■ **Supplied records**
════════════════
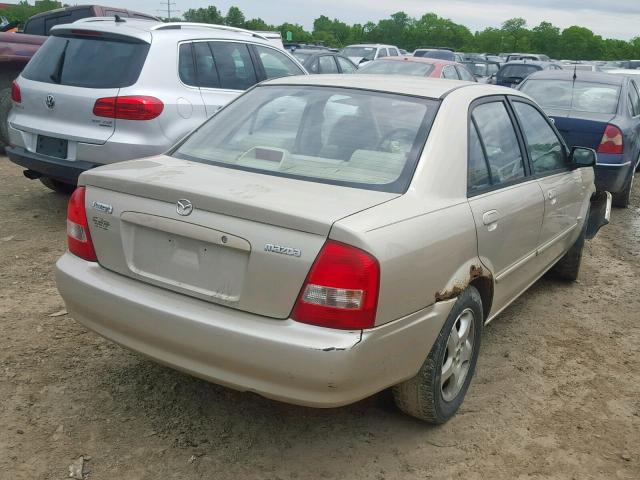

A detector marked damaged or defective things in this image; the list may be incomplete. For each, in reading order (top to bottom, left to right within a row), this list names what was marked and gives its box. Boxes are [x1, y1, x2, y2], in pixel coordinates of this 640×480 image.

damaged bumper [57, 253, 452, 406]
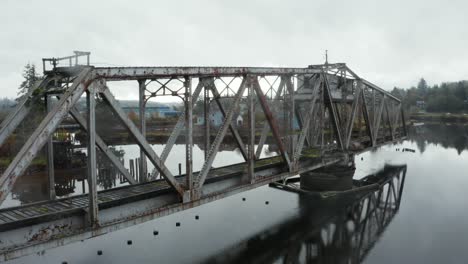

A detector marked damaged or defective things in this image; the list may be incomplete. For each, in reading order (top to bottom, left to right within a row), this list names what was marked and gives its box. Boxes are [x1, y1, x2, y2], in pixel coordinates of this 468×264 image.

rusty steel truss bridge [0, 51, 406, 260]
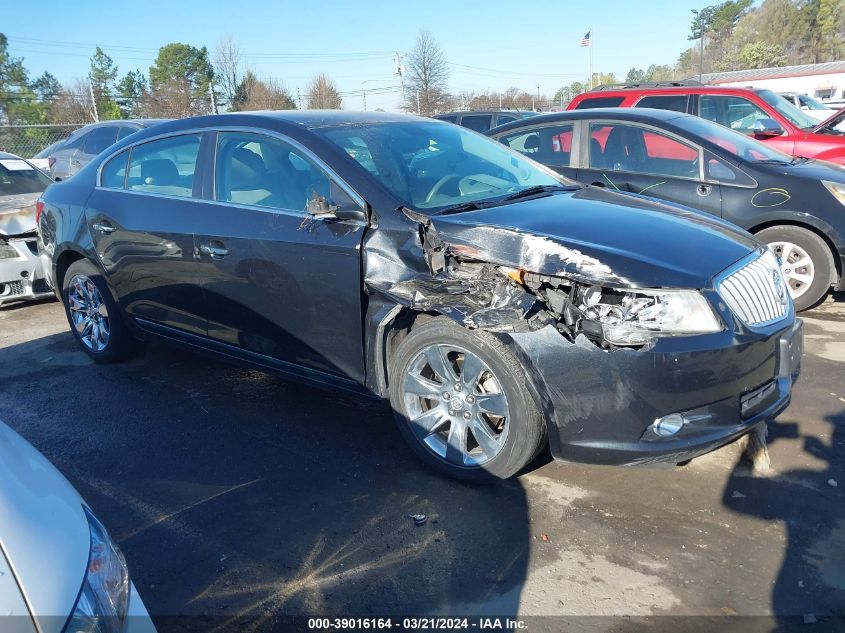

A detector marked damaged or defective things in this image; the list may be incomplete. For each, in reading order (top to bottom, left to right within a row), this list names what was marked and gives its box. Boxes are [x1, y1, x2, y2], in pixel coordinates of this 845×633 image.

crumpled hood [0, 193, 39, 237]
damaged front end [0, 196, 52, 308]
damaged white car [0, 151, 53, 304]
crumpled hood [428, 186, 760, 288]
crumpled hood [0, 420, 88, 632]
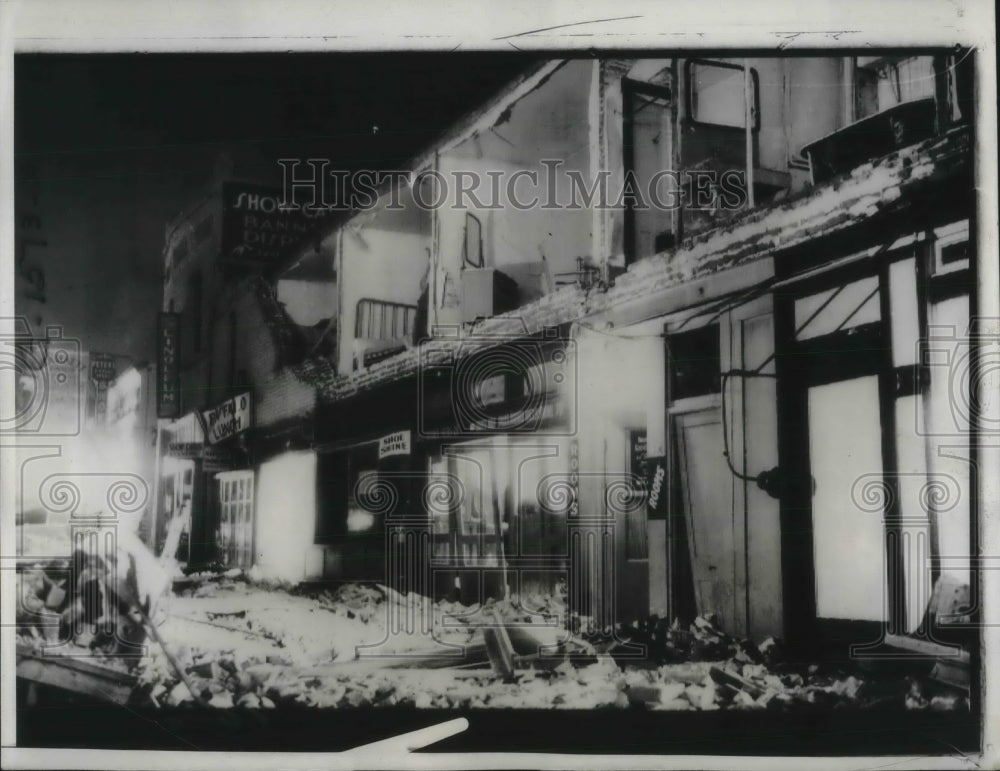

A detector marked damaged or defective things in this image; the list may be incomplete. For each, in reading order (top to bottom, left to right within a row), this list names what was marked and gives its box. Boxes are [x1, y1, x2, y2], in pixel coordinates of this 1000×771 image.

damaged building facade [154, 52, 976, 656]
════════════════
Starting from the line holding "this 1000×771 image.", restate the remaining lines of the data word for word, including the last.

■ **Task response**
A detector marked damaged or defective things in this image; the list may be incomplete. For each, in reading order (top to bottom, left to right within a row), this list names what was marked and gives its box. Boxes are [x1, y1, x2, y2], in pixel coordinates of this 1000×771 image.

damaged building facade [154, 52, 976, 656]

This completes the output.